Ülkeler ise çevreci politikalar yapmaya özverili ve istekli olmalıdırlar. Kutupların
erimesi meselesi televizyondaki bir belgeselde koltuğuna yaslanıp izleyen insanoğlu
için uzak bir konuymuş gibi gelir. Bunun etkilerini kısa bir süre zarfında
yaşayacağımızı neredeyse hiç düşünmeyiz ya da çabuk unuturuz çünkü hızlı
hayatlarımız ve koşuşturmalarımız vardır. Buzullar eridiğinde bir Atlantis gibi suyun
altına gömülecek ilk yerler denizlere okyanuslara kıyısı olan ülkeler ve adalardır
Bununla direkt muhatap olmak zorunda kalacak yerlere örnek olarak Hollanda, Venedik,
Japonya ve Yeni Zelanda’yı vermek uygun düşecektir.

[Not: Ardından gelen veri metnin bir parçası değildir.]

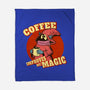 Coffee Improves My Magic-none fleece blanket-leepianti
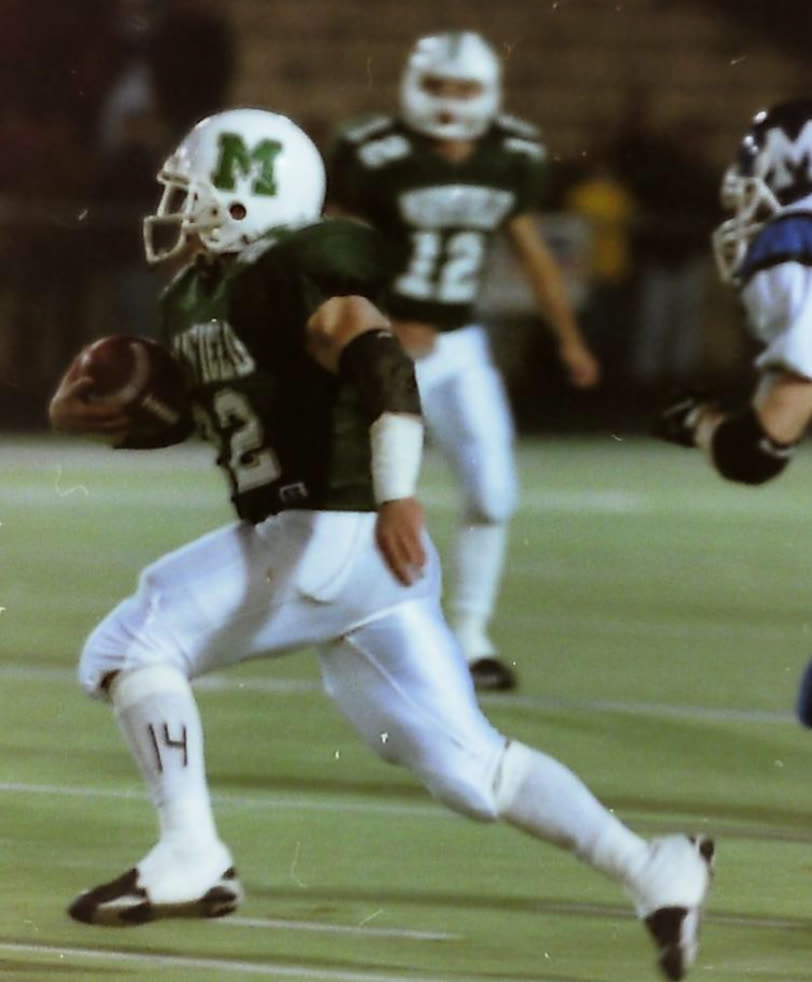 Nick Palazzo #22 running for Mayfield High School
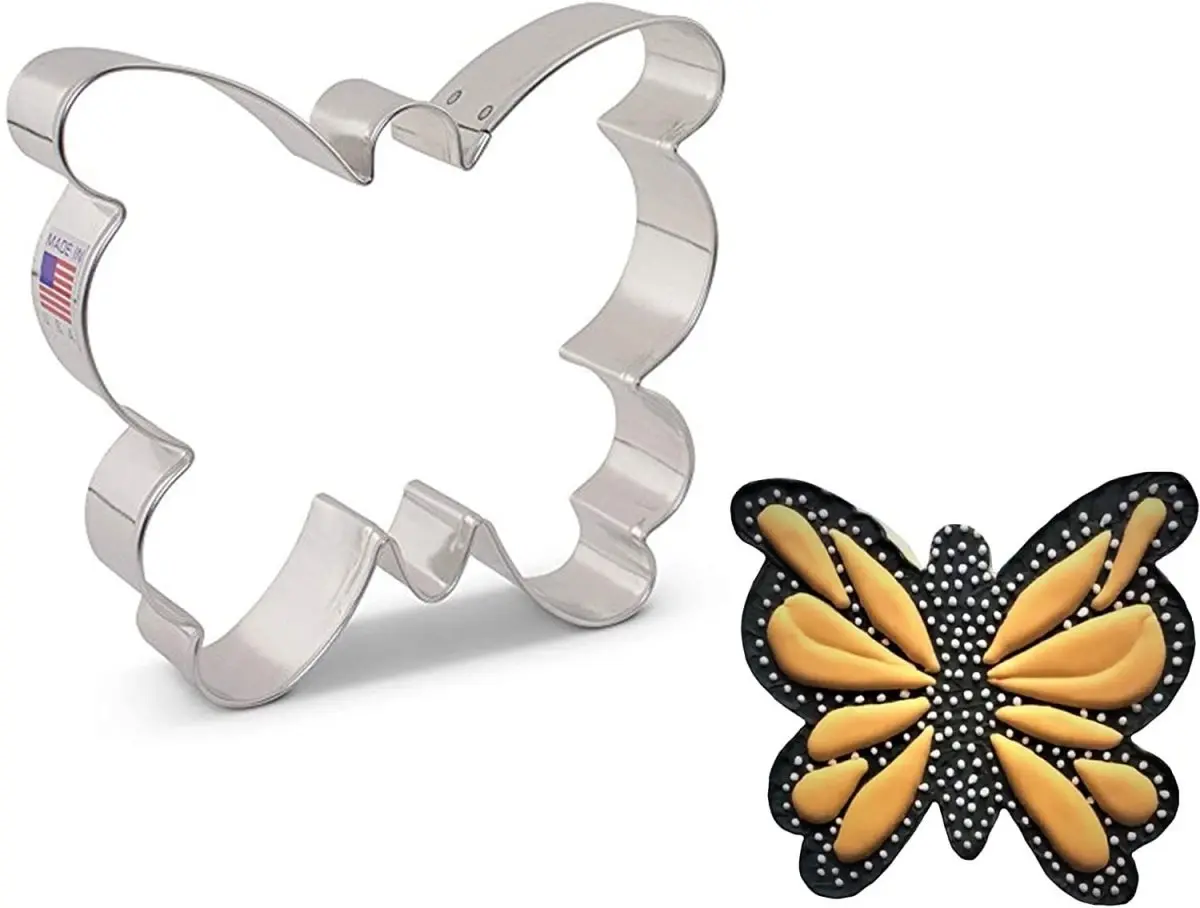 Large Butterfly Cookie Cutter 4" x 4 1/4"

İnsanoğlu yeni bir yuva aramakta, bu koşulları biraz olsun sağlayan en yakın adres;
Kızıl Gezegen. Soluk Mavi Noktayı tüketen, sömüren ve onarmaya isteksiz insanoğlu
yeni bir yuva arıyor. Fakat bilinmelidir ki vakit az da olsa hala yuvamızı eski
zamanlarına döndürmek için bir fırsatımız var. Geç olmadan.